Friday Ephemera
The Restaurant of Mistaken Orders. || Well, it must’ve rattled loose. || At last, a robotic bartender. || Bird feeder. || I bring you art. || Babe detected. || His back-yard view is better than yours. || You can’t go far wrong with accelerated penguins. || In fairness, it was his first attempt. || Just wind and frozen sand. || Phantom nipples. || Near miss detected. || Now you do it. I’ll start the clock. || Incoming. || Satisfied customer. || Strange dog. || Dentist’s magic hat. || When the day just keeps getting worse. || You want one and you know it. || He has a theory, ladies. || The tardigrade’s toes (and tiny things digesting other tiny things). || And finally, for the sleepy kiddies, there are goblins lurking under the bed.
Oh, and a reminder that I now have a Gettr account.
In entertainment news, an inauspicious maiden voyage:
https://youtu.be/MS-SQthKvEU
Another robot bartender:
“Thank you,” Foyle said.
“My pleasure, sir,” the robot replied and awaited its next cue.
“Nice day,” Foyle remarked.
“Always a lovely day somewhere, sir,” the robot beamed.
“Awful day,” Foyle said.
“Always a lovely day somewhere, sir,” the robot responded.
“Day,” Foyle said.
“Always a lovely day somewhere, sir,” the robot said.
…
He has a theory, ladies.
Guess his ulterior motive.
And finally, for the sleepy kiddies, there are goblins lurking under the bed.
Got goblins? For a small fee, Susan Sto-Helit will loan you the poker.
An inauspicious maiden voyage.
Nerdrotic noticed it as well.
G4 based their comeback on 1984.
I bring you art
I’m not clicking on that. I know how this ends.
The tardigrade’s toes
They’re not even trying to hide the grift now.
Calculated provocation? After School Satan Club at elementary school in Moline, Illinois.
Military Career Model
Uh-oh: liberal talking point about recidivism rates turns out to be…inaccurate.
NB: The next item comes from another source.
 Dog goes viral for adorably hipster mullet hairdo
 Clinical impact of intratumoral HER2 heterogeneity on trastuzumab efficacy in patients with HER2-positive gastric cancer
I just can’t understand how unprincipled, ideologically driven “journalists” could have failed to notice that the Norwegian and American data were fundamentally different. It’s a total mystery.
Babe detected
Will now spend the rest of the morning bleaching my eyes.
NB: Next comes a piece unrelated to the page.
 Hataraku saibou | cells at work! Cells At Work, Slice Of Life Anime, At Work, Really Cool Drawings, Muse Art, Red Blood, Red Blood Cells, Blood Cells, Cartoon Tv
Porch thieves? Pffffft Amateurs.
Gonna disco up the mountain
“Strange dog.”
And you CAN eat what it lays on the drive!
The Restaurant of Mistaken Orders.
“37% of orders were mistaken, but 99% of customers said they were happy.”
🙂
And you CAN eat what it lays on the drive!
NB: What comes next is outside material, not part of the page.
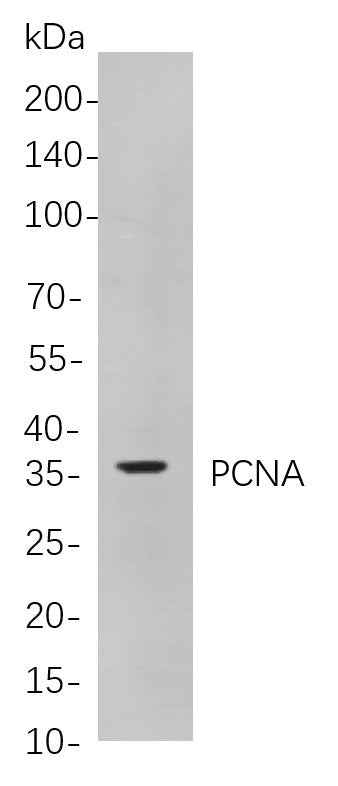 Anti-Human/Mouse/Rat PCNA Antibody [B747] - ABMIUM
[ Fetches Julia’s coat, box of matches. ]
Morning, all.
Phantom nipples.
Looks like buyer’s remorse.
Robotic bartender
It’s good to know retired factory workers aren’t just thrown on the scrap heap.
Although I did notice the customers keeping a safe distance from a machine one programming error from pushing a beer bottle in your ear blunt end first.
Ann-Margret with the conceptual fail.
(Marilyn Bergman, who shared the Oscar for writing the lyrics to “The Way We Were”, died last week, which is how I found this video looking for a clip of her at the Oscars. I didn’t expect Ann-Margret like this.)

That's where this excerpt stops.